Short descriptive text snippets
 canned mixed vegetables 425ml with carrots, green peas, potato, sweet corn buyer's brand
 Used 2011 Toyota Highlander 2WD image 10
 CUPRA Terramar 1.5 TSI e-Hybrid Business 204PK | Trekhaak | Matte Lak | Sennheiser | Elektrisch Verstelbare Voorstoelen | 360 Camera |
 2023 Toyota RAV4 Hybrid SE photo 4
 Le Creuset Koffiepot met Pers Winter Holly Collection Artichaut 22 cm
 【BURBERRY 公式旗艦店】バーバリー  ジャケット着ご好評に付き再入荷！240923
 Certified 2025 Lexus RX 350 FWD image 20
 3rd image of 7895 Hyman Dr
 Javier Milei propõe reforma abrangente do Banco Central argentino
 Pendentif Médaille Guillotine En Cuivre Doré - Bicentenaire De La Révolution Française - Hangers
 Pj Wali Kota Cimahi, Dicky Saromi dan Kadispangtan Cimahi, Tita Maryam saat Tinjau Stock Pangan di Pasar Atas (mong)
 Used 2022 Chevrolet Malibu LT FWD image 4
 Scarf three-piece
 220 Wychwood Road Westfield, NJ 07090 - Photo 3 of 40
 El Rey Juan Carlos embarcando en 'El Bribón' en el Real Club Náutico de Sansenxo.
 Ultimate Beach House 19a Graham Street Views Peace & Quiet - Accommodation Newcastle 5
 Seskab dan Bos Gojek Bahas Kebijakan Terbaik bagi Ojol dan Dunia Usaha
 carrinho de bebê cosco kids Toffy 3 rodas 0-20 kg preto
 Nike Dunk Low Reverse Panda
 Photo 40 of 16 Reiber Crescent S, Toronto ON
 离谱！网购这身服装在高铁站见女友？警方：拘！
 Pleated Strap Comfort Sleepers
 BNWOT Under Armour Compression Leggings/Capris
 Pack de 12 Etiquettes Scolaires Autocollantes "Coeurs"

▶ _HOW TO COMPLETE THIS TASK_
The response must hold only the lines above from the line with "Used 2011 Toyota Highlander 2WD image 10" through the line with "El Rey Juan", each copied exactly, both ends kept.

▶ _RESPONSE TO THE EXERCISE_
 Used 2011 Toyota Highlander 2WD image 10
 CUPRA Terramar 1.5 TSI e-Hybrid Business 204PK | Trekhaak | Matte Lak | Sennheiser | Elektrisch Verstelbare Voorstoelen | 360 Camera |
 2023 Toyota RAV4 Hybrid SE photo 4
 Le Creuset Koffiepot met Pers Winter Holly Collection Artichaut 22 cm
 【BURBERRY 公式旗艦店】バーバリー  ジャケット着ご好評に付き再入荷！240923
 Certified 2025 Lexus RX 350 FWD image 20
 3rd image of 7895 Hyman Dr
 Javier Milei propõe reforma abrangente do Banco Central argentino
 Pendentif Médaille Guillotine En Cuivre Doré - Bicentenaire De La Révolution Française - Hangers
 Pj Wali Kota Cimahi, Dicky Saromi dan Kadispangtan Cimahi, Tita Maryam saat Tinjau Stock Pangan di Pasar Atas (mong)
 Used 2022 Chevrolet Malibu LT FWD image 4
 Scarf three-piece
 220 Wychwood Road Westfield, NJ 07090 - Photo 3 of 40
 El Rey Juan Carlos embarcando en 'El Bribón' en el Real Club Náutico de Sansenxo.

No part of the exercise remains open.